Recently, I traveled with my children to a place I have visited often since my childhood - Velma, Oklahoma. That's where my grandparents lived. Anyone familiar with the State knows that much of Oklahoma remains rural. Velma is one of those tiny rural towns tucked along Highway 7. If you are traveling west on Highway 7 towards Lawton, don't blink or you just might miss it! Three generations of Cartwrights have stomped the ground there...several more are sure to follow.
For as long as I can remember, we have driven the same route to Velma. From Austin, we travel north up the IH-35 corridor to Ardmore. Then, we head west to Ringling. In Ringling, we head north for about ten miles to Pinto and turn left on County Road 53 to Loco. On the outskirts of Loco (again, don't blink because you'll miss it) is a four-way stop. There we turn right onto a narrow, poorly paved road. As many times as I have traveled this road, I still cannot tell you the name of it. I have always called it "the road to Loco." [I know what you are thinking - Loco is an odd name for a town. It got its name from what was then known as the "loco weed" that grew wild there. ] Anyway, we take the Loco Road until it dead ends into another road I have dubbed The Road to Granny Bea's House and we turn left. In less than a mile, the pavement turns to gravel and dirt. And just before you choke on all the dust flying around, on the left is a little yellow house with green trim - Granny Bea's house.
I spent many a summer at the little yellow house that sits in the middle of nowhere. Even though there wasn't anything to do (in terms of the things that kids do today), there never seemed to be a lack of things to do. My brothers and sisters and I would romp all over the countryside with our cousins. We ate watermelon on the porch seeing who could spit seeds the furthest. We would eat hand-cranked ice cream and wave at the few passersby on the dirt road. We would run through the dirt devils that would spin up the driveway. At night, we would sit around in the back yard telling scary stories while the coyotes howled in the acreage behind the house - or playing Ghost on the Raft. When it was time for bed, Granny would make us wash the red dirt off of our feet and douse off in the shower. Then we'd pile as many as four to a bed where we would go to sleep thinking about the fun we would have the next day. Each day seemed to be measured by having more fun than the day before. I cannot recall a time that I was ever bored.

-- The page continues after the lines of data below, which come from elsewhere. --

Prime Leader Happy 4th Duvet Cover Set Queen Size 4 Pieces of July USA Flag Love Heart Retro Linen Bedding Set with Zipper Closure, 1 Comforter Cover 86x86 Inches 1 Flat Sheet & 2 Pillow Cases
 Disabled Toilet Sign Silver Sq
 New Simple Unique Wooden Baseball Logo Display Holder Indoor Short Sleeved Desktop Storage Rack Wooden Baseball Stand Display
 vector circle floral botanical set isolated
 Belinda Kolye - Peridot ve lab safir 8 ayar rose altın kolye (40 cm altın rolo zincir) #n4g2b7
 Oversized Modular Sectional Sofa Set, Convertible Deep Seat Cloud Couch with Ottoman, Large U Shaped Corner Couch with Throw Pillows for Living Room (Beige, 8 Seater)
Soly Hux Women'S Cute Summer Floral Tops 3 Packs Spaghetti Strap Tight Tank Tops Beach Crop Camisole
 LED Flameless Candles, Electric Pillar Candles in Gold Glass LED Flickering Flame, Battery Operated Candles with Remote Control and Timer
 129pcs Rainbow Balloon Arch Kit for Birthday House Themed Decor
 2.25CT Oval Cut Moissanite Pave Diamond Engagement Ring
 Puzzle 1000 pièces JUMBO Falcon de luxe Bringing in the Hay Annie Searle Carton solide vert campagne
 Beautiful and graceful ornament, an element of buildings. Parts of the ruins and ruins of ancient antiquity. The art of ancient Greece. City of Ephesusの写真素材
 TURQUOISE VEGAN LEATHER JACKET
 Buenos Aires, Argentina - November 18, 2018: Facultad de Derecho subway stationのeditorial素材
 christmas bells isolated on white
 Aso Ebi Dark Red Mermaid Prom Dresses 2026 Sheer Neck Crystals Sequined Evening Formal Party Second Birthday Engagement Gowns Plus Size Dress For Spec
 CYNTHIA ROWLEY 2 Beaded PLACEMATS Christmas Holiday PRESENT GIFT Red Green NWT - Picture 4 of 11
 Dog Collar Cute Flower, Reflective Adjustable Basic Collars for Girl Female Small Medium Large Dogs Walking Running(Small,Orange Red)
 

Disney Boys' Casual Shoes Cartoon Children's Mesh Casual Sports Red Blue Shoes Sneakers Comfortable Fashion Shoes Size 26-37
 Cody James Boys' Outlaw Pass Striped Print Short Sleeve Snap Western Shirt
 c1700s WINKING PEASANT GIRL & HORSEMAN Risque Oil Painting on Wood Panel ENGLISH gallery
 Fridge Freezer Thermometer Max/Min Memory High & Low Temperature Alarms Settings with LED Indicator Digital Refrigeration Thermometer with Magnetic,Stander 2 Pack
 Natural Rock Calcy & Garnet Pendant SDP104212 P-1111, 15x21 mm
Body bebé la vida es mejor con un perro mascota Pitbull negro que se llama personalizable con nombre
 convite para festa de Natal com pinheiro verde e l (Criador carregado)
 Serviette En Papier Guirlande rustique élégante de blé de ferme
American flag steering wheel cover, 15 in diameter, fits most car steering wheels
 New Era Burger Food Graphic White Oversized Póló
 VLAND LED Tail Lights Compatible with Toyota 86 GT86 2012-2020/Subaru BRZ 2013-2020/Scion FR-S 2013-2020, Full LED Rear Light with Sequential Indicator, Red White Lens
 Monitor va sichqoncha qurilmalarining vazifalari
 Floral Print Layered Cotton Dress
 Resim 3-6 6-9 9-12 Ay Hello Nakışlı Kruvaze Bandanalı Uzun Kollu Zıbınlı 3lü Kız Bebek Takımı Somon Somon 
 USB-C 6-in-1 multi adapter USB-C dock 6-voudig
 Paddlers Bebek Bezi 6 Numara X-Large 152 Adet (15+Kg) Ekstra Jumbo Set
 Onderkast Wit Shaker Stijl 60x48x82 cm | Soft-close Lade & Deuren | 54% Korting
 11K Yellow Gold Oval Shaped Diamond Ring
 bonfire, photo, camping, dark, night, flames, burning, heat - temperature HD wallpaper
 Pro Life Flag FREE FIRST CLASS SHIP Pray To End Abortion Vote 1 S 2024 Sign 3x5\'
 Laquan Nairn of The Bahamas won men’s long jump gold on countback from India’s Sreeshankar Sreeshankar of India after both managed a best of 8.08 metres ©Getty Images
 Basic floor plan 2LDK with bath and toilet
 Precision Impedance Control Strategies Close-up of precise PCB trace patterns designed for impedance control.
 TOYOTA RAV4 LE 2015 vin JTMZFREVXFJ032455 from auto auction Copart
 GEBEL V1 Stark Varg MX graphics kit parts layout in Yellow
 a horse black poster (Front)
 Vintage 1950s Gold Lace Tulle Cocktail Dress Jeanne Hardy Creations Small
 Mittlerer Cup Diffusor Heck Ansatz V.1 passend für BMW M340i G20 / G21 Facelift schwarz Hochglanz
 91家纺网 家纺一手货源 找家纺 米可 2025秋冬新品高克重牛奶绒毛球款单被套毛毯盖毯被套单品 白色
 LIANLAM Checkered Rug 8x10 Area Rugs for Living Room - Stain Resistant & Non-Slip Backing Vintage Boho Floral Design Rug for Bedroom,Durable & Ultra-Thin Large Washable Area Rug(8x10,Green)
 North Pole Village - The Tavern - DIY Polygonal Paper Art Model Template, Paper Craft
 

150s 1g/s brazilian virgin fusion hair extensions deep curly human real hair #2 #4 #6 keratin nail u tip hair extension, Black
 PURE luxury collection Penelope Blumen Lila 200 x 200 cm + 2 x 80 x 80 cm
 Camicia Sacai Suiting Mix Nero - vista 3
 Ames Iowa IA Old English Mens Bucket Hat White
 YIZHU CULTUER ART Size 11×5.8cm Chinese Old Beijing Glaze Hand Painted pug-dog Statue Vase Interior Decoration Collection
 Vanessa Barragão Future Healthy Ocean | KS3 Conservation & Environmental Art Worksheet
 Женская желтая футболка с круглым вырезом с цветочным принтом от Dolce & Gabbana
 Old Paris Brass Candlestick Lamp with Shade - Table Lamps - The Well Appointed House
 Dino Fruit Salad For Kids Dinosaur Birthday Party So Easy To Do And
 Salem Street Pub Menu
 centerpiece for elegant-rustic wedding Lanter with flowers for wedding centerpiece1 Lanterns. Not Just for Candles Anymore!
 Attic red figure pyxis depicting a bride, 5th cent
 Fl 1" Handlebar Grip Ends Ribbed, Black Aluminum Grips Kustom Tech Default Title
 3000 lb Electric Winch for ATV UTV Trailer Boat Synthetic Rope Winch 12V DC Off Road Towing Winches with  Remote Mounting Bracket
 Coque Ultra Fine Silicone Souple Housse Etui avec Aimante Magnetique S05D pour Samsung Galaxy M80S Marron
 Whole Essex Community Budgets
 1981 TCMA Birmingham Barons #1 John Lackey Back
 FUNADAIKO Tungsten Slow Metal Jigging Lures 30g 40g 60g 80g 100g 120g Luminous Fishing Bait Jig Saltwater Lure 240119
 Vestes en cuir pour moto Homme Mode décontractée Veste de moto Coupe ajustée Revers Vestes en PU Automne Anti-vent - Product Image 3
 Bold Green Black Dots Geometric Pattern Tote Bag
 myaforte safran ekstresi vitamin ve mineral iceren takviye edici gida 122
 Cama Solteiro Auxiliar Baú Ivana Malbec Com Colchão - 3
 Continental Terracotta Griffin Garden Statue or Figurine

Something was always cooking on the stove. We would wake up to the smell of bacon and fried potatos, biscuits and chocolate gravy. [Yes. Chocolate gravy - a chocolate sauce poured over hot, buttered biscuits. Don't knock it until you've tried it.] Chocolate gravy is some of the best stuff I have ever eaten. About the only thing that rivaled her chocolate gravy was her chicken and dumplings. Moist, juicy check swimming in a sauce that was not too creamy and not too thin. The dumplings never fell apart. They were fluffy but dense - little pillows of boiled dough that melded the flavors of the chicken and the broth. Perfection! Granny tried to teach me to make them once; but, to this day I have never been able to get my dumplings to come out like hers.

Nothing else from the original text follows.